→ Work to complete
Here is the task for the listing below: output exactly the lines from the one containing "Press the MPR" through the one containing "Within your unit", and leave out the pictures.

→ Data

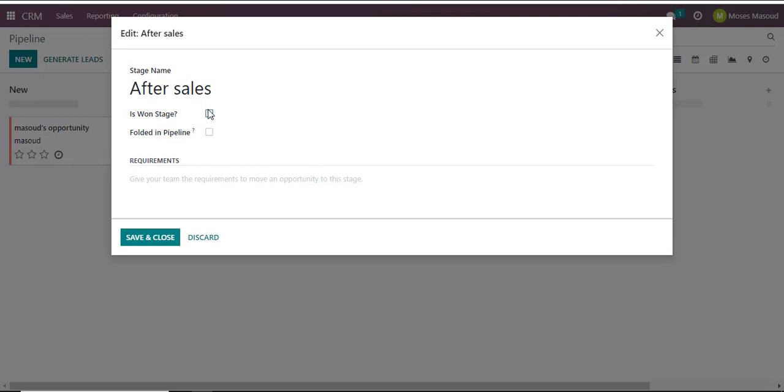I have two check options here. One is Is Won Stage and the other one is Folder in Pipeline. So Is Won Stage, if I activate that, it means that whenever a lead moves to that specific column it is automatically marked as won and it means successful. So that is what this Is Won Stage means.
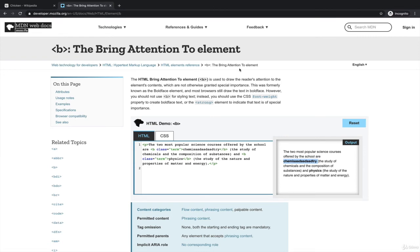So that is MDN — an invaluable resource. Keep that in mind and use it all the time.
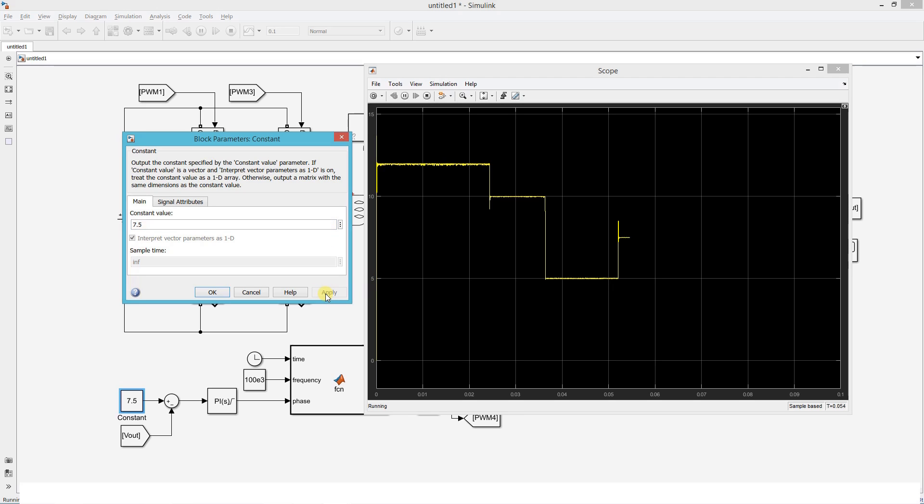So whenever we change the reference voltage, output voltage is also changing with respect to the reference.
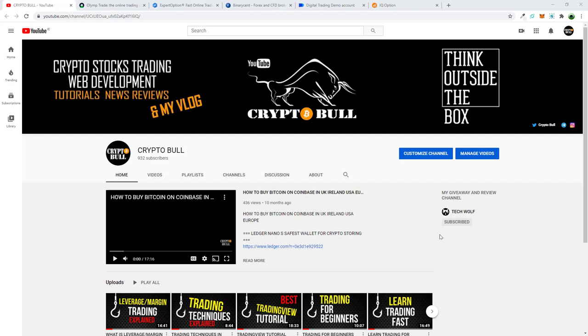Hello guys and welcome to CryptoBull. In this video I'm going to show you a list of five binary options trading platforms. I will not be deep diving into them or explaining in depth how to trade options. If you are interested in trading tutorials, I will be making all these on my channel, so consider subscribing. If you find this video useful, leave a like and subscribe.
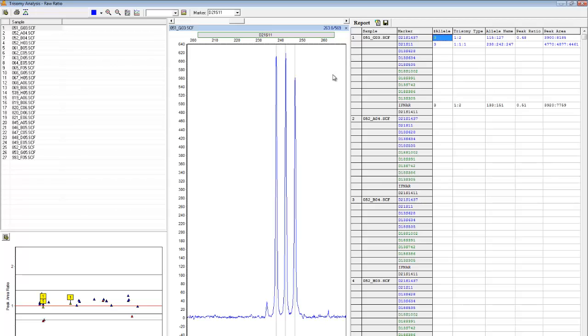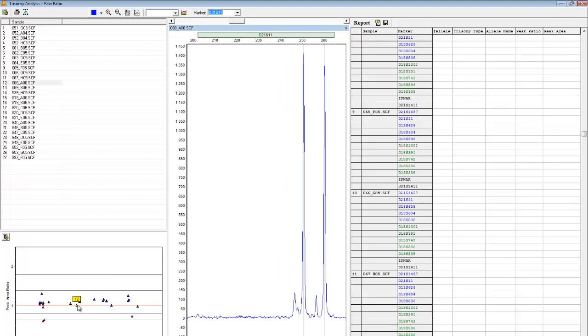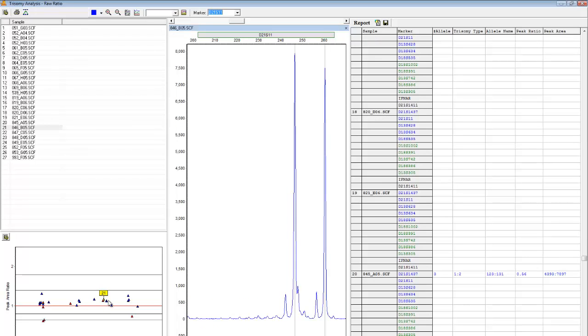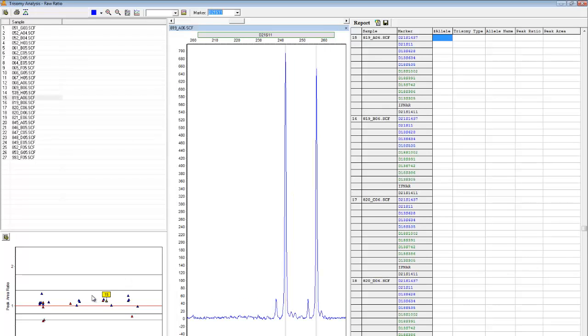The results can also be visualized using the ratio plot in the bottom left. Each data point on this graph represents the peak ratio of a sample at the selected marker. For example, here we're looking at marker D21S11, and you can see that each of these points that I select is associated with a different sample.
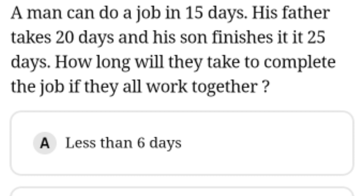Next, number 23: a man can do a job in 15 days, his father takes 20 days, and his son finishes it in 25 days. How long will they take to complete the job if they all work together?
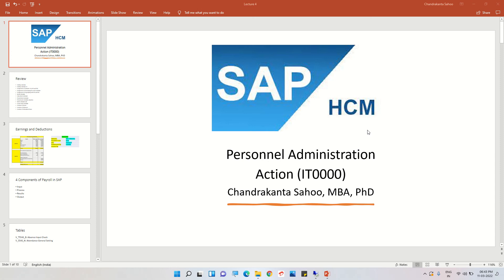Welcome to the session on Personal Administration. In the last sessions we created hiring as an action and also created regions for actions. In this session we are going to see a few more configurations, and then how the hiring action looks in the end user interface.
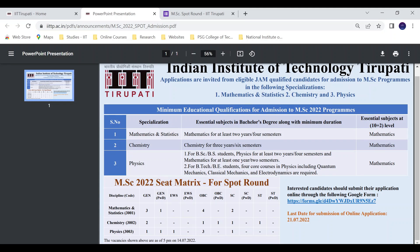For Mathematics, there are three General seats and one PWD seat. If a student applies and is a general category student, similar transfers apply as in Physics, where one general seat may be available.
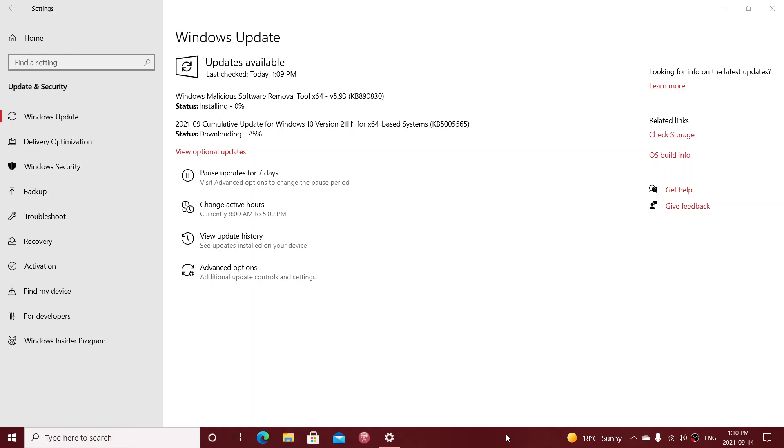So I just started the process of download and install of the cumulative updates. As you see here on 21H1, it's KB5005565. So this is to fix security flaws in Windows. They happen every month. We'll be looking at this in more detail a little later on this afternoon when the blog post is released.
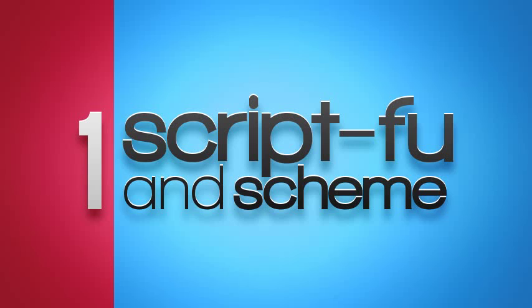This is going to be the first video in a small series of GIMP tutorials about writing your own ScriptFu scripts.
---
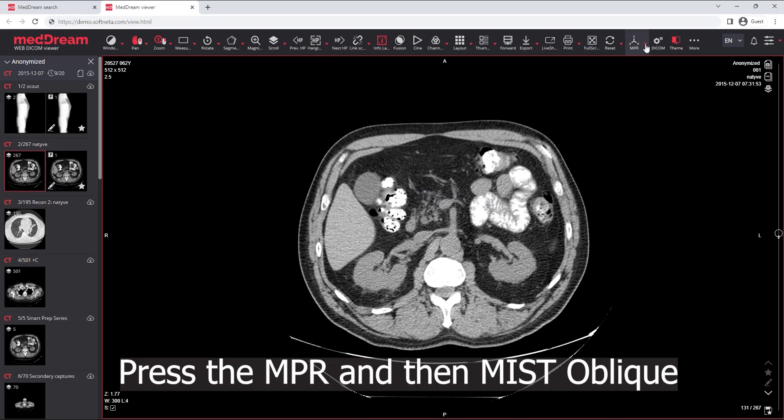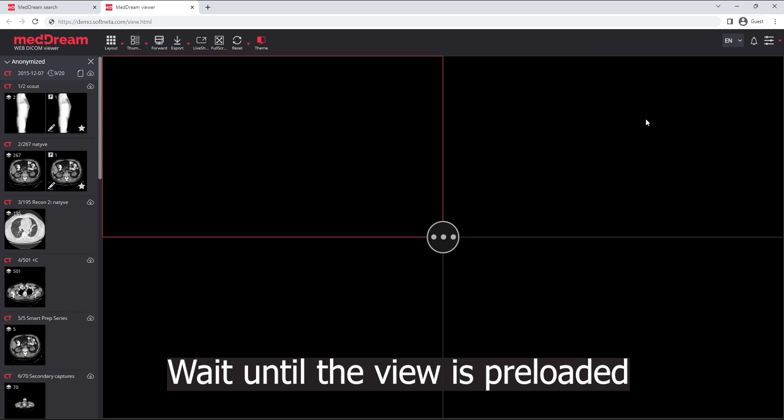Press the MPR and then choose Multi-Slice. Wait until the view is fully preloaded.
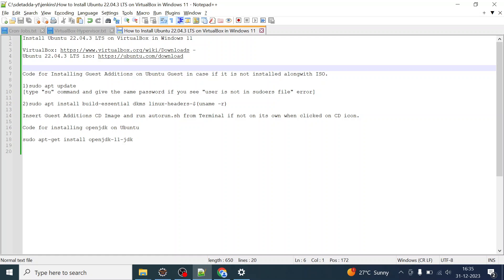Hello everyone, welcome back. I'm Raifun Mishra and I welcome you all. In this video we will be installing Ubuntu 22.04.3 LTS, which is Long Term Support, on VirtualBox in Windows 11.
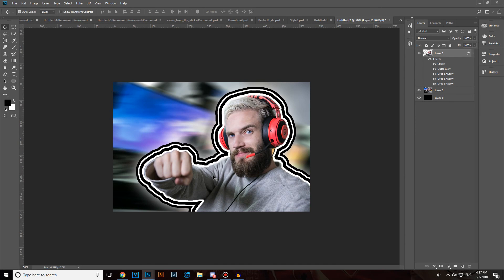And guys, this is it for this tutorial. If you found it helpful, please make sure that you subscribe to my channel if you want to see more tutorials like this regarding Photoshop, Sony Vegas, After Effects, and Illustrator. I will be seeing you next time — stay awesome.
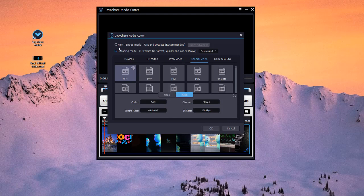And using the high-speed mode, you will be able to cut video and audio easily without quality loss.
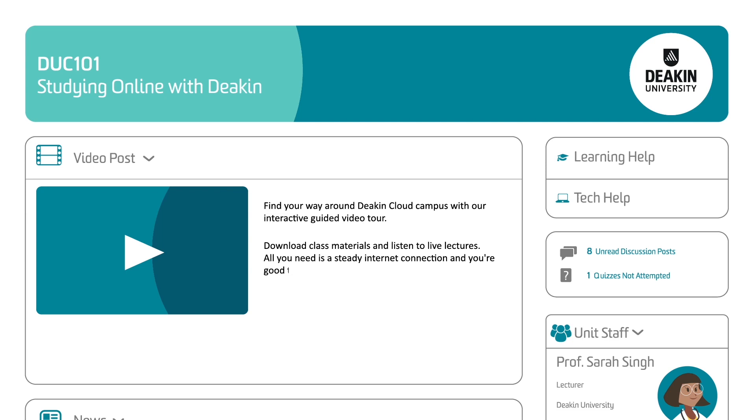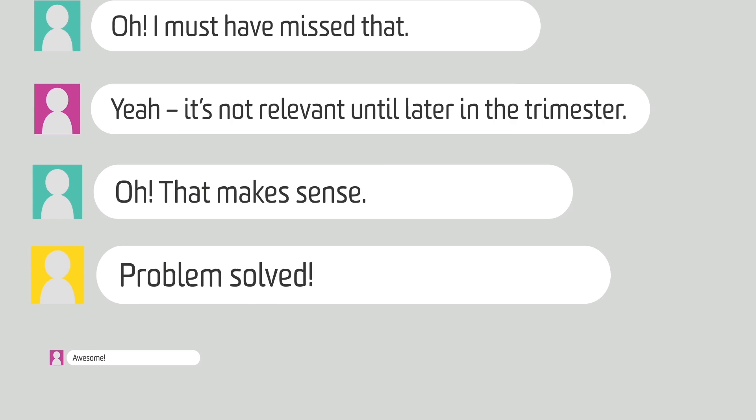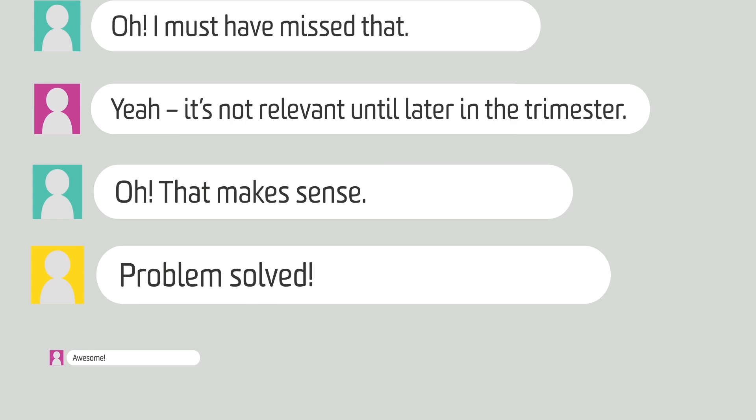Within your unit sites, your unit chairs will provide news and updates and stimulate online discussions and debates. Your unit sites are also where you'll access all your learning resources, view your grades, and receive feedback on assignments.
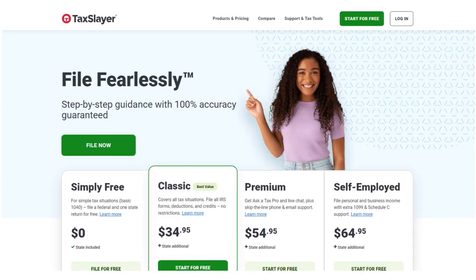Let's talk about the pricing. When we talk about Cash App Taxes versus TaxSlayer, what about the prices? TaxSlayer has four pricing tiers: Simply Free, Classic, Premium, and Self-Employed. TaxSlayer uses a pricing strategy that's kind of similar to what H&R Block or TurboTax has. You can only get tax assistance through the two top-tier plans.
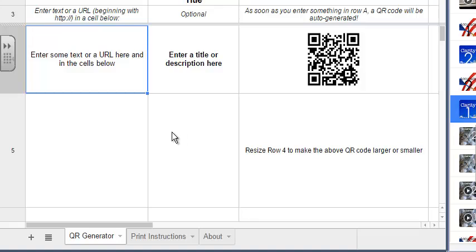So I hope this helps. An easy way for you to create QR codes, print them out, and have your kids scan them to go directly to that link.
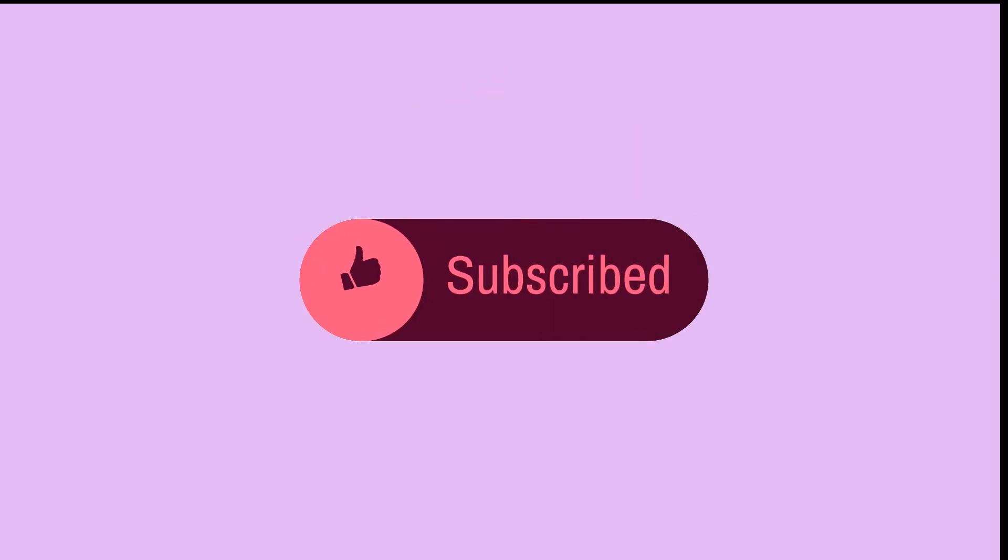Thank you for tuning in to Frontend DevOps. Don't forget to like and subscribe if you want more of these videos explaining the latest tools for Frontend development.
--
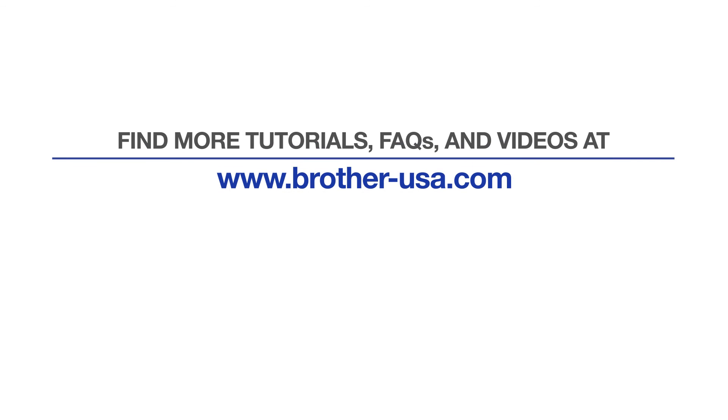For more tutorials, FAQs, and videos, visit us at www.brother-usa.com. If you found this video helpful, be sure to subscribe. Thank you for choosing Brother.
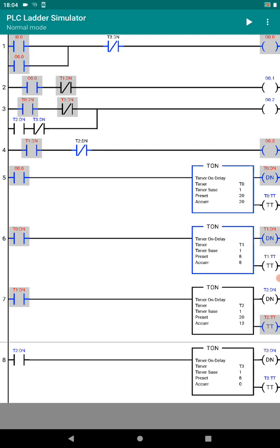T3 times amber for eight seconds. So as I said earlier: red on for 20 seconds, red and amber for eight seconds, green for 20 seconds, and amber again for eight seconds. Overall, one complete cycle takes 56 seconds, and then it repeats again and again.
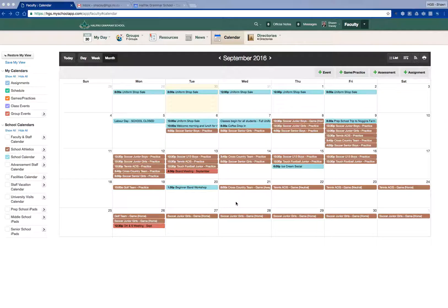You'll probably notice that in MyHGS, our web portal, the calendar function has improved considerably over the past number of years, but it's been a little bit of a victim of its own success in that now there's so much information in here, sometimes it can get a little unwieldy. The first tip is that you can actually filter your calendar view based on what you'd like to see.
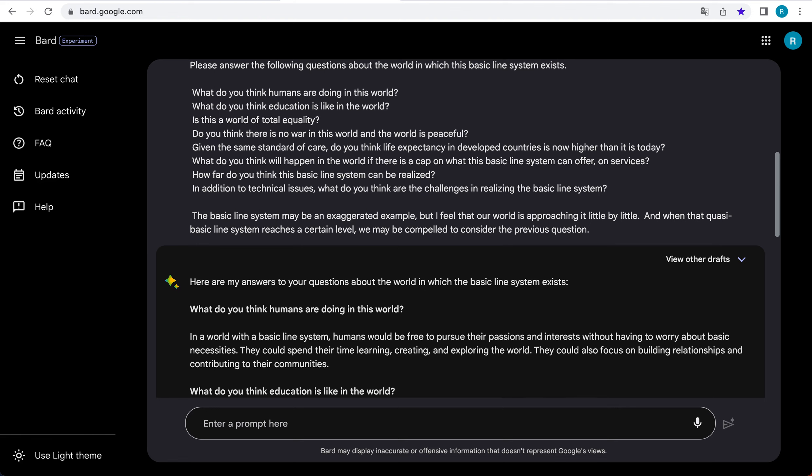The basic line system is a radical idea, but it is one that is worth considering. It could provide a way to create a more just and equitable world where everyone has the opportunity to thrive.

→ Response for this exercise
Press the MPR and then choose Multi-Slice. Wait until the view is fully preloaded.
Hello everyone, welcome back. I'm Raifun Mishra and I welcome you all. In this video we will be installing Ubuntu 22.04.3 LTS, which is Long Term Support, on VirtualBox in Windows 11.
And guys, this is it for this tutorial. If you found it helpful, please make sure that you subscribe to my channel if you want to see more tutorials like this regarding Photoshop, Sony Vegas, After Effects, and Illustrator. I will be seeing you next time — stay awesome.
And using the high-speed mode, you will be able to cut video and audio easily without quality loss.
Within your unit sites, your unit chairs will provide news and updates and stimulate online discussions and debates. Your unit sites are also where you'll access all your learning resources, view your grades, and receive feedback on assignments.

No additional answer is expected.